• _DATA EXCERPTS_
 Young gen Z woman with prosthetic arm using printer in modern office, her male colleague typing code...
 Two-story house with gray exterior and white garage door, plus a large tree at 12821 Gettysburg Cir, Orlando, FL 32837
* * *
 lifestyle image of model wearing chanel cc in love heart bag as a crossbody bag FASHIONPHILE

• _WORK ORDER_
Only one part of the material above is to be transcribed, namely the lines starting with the line that has "Young gen Z" and going on through the line that has "Two-story house with", exactly as they stand.

• _SOLUTION TO THE EXERCISE_
 Young gen Z woman with prosthetic arm using printer in modern office, her male colleague typing code...
 Two-story house with gray exterior and white garage door, plus a large tree at 12821 Gettysburg Cir, Orlando, FL 32837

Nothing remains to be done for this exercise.